(Data extracted from a collection)
★ ★ ★ ★ ★ ★ ★
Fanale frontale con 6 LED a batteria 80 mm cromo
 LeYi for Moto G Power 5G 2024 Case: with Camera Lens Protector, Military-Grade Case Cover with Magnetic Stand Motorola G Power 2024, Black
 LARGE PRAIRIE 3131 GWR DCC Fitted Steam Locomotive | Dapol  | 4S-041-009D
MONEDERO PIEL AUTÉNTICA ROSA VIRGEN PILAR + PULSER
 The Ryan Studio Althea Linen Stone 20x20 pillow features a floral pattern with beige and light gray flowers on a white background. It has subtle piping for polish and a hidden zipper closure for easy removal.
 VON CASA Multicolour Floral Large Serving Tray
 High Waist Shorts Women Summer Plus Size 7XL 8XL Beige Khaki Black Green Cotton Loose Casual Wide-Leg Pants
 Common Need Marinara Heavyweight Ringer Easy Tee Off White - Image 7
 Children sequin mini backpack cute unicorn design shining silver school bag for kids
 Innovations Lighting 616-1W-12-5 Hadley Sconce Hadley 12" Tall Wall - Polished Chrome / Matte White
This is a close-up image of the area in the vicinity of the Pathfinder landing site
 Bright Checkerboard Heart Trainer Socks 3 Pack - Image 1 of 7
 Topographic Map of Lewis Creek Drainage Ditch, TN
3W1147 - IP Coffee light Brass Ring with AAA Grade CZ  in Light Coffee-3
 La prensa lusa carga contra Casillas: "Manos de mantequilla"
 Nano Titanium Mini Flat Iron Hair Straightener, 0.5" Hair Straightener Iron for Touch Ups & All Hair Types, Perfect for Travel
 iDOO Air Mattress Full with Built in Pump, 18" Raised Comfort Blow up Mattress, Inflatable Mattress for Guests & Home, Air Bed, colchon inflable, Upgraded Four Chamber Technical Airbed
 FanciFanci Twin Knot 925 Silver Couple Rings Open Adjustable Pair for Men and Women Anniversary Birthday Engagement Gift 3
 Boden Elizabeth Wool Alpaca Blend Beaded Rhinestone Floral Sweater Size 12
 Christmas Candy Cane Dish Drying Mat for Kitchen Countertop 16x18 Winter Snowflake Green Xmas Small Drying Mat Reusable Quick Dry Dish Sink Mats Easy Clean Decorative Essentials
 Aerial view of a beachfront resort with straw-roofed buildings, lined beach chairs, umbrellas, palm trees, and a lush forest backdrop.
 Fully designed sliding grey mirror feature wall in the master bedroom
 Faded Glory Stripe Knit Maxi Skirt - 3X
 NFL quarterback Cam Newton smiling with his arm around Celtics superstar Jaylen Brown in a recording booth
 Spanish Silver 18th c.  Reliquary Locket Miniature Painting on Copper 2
★ ★ ★ ★ ★ ★ ★
For each line above that contains the word "Size", give the line as it is written.

 High Waist Shorts Women Summer Plus Size 7XL 8XL Beige Khaki Black Green Cotton Loose Casual Wide-Leg Pants
 Boden Elizabeth Wool Alpaca Blend Beaded Rhinestone Floral Sweater Size 12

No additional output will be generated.